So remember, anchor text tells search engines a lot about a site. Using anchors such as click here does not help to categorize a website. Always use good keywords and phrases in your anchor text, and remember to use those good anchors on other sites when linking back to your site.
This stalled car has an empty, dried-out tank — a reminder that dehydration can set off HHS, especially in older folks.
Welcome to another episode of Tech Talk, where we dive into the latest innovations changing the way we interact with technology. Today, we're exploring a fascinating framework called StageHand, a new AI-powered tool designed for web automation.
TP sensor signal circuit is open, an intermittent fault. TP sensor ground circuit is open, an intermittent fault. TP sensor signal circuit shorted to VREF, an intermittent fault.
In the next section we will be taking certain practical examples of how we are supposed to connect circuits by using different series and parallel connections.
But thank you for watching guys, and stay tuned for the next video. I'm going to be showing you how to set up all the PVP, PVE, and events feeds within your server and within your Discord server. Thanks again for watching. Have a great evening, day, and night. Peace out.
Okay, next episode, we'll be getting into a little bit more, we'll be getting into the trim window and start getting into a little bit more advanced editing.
* * *
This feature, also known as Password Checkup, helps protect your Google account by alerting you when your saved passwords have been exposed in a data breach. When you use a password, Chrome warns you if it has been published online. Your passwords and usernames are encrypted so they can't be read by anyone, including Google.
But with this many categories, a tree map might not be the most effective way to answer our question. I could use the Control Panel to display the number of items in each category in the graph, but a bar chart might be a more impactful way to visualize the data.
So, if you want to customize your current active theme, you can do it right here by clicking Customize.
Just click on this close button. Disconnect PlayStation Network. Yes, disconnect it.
---
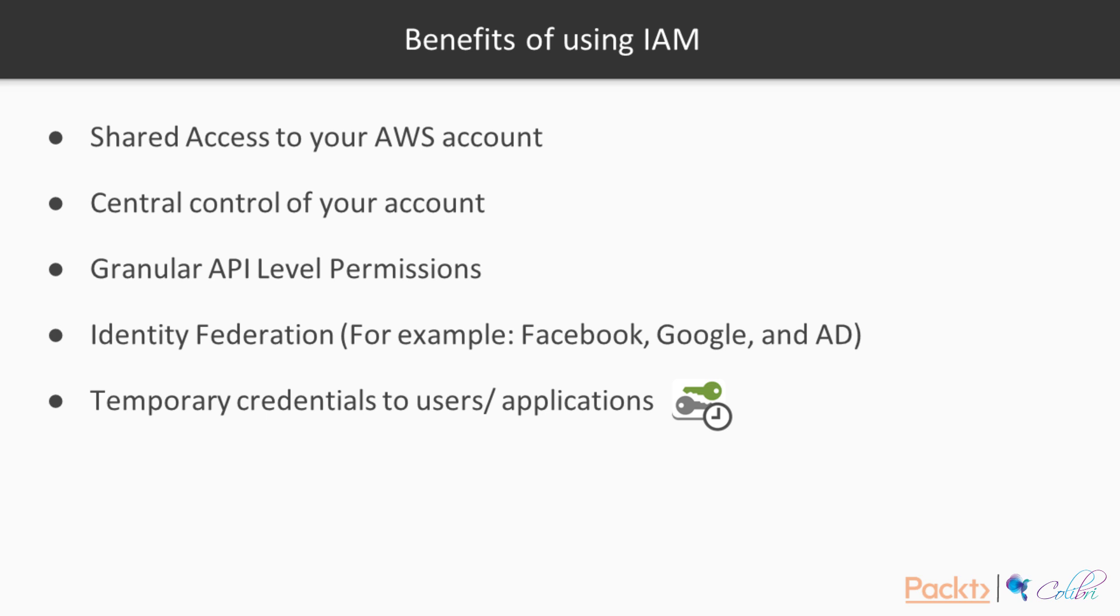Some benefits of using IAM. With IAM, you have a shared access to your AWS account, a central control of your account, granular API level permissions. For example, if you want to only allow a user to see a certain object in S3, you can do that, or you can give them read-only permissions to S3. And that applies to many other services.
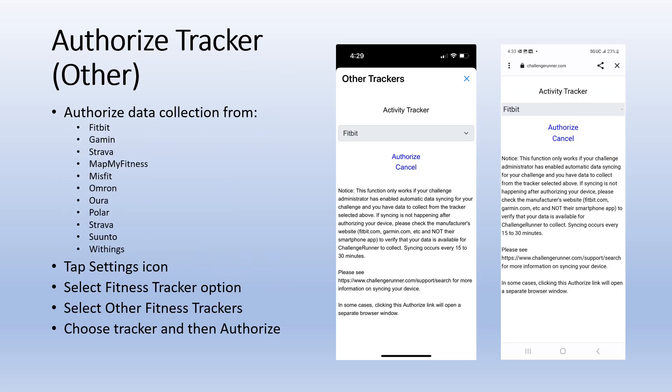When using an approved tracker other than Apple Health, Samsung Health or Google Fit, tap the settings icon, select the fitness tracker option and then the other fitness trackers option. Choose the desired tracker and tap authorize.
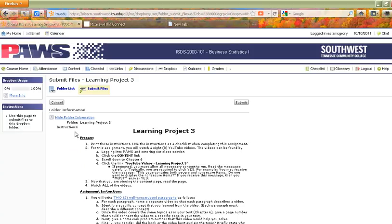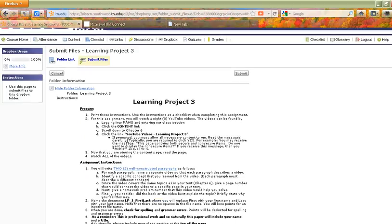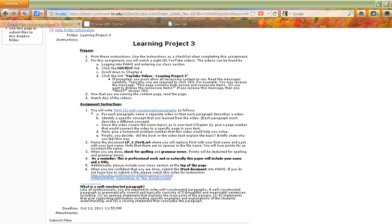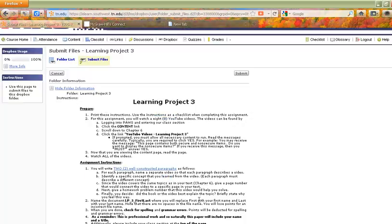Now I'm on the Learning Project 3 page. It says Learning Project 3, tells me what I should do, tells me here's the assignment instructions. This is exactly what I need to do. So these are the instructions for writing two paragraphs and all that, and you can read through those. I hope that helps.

**THE TASK**:
Write out, word for word, the stretch of entries that begins at the line with "When using an" and ends at the line with "Now I'm on the". Pictures do not belong in it.

**SOLUTION TO THE EXERCISE**:
When using an approved tracker other than Apple Health, Samsung Health or Google Fit, tap the settings icon, select the fitness tracker option and then the other fitness trackers option. Choose the desired tracker and tap authorize.
Now I'm on the Learning Project 3 page. It says Learning Project 3, tells me what I should do, tells me here's the assignment instructions. This is exactly what I need to do. So these are the instructions for writing two paragraphs and all that, and you can read through those. I hope that helps.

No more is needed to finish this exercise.